Bad Homburg, 02.08.2021 13:41 Uhr

"Passend, aber heikel"

Andacht von Dr. Tobias Krohmer (Referent für Gesellschaftliche Verantwortung im Ev. Dekanat Hochtaunus)

Der für diesen Sonntag vorgesehene Predigttext könnte nicht passender sein – und zugleich nicht heikler. Denn es ist das Gleichnis vom Hausbau: Jesus sagt, wer ihn höre und ihm folge, sei wie ein kluger Mann, der sein Haus auf einem Felsen baue, so dass es bei einem Platzregen nicht davongerissen werde; wer ihn aber höre und folge ihm nicht, sei wie ein törichter Mann, dessen Haus auf Sand gebaut sei, so dass der Platzregen es davonschwemmen werde.

Ich werde am Sonntag predigen, allerdings über einen anderen Text. Nicht weil ich diesen scheue, sondern weil ich in der Usinger Predigtreihe zum Reformationsjubiläum auf der Kanzel stehe und über einen anderen als den offiziell empfohlenen Text sprechen soll. Das Gleichnis vom Hausbau wäre freilich herausfordernd gewesen.

Die Assoziation zur aktuellen Flutkatastrophe liegt so nahe. Keine Verbindung dazu zu ziehen, verbietet sich fast schon. Zugleich stellt sich die Frage: Welche Botschaft sollte man aus dem Text herausarbeiten? Dass nichts, was Dir zustoßen kann, so schrecklich ist, wenn Du nur auf Jesus hörst und ihm vertraust? Dass alles halb so wild ist und Du jeglichen Schicksalsschlag locker wegsteckst, wenn Du nur an den lieben Gott glaubst? – Mit einer solch plumpen „Pointe“ der Predigt sollte man eher nicht aufwarten.
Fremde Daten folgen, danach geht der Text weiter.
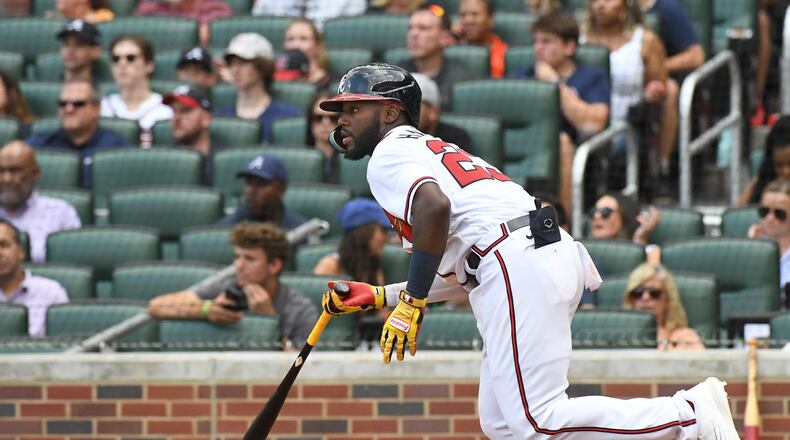 Atlanta Braves outfielder Michael Harris hit his first MLB home run Monday against the host Nationals. (Hyosub Shin / Hyosub.Shin@ajc.com)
Wenn unter den Anwesenden im Gottesdienst Angehörige von Flutopfern sind, wäre es ihnen nicht zu verübeln, wenn sie diese Botschaft als zynisch empfinden.

Allerdings – was anderes könnte man in den Worten Jesu lesen als das? Vielleicht ist die Botschaft ja richtig, aber die Formulierung ist es nicht. Gewiss ist es ja nicht so, dass einem Menschen, der Jesus folgt, Schicksalsschläge nichts anhaben könnten oder gar erspart blieben. Auch Gläubige leiden, auch Gläubigen stößt Schreckliches zu, auch Gläubige können darüber verzweifeln. Den Gläubigen unter den Flutopfern wird es insofern kaum anders gehen als den Ungläubigen unter ihnen. Aber die Gläubigen können sich doch immer daran erinnern: Egal wie elend ihre Situation ist, sie sind nicht aus der Hand Gottes gefallen. Gott ist da, Gott ist bei ihnen, vereint mit ihnen – in ihrem Leiden.
Wer Jesus hört und ihm folgt, darf gewiss sein, dass Gott nicht abgehoben ist und von dem, wie es den Menschen geht, unberührt bleibt. Wer Jesus hört und ihm folgt, darf gewiss sein, dass uns, wie Paulus schreibt, nichts trennen kann von der Liebe Gottes – auch wenn es sich konkret ganz anders anfühlen mag. Denn wer Jesus hört und ihm folgt, hört und folgt der Mensch gewordenen Liebe Gottes, die sich in einer uneingeschränkten Nähe zu den Menschen äußert, einer Nähe, die das Leid und das Elend, das auch immer Teil des menschlichen Lebens ist, nicht verleugnet, sondern es annimmt und mit erträgt.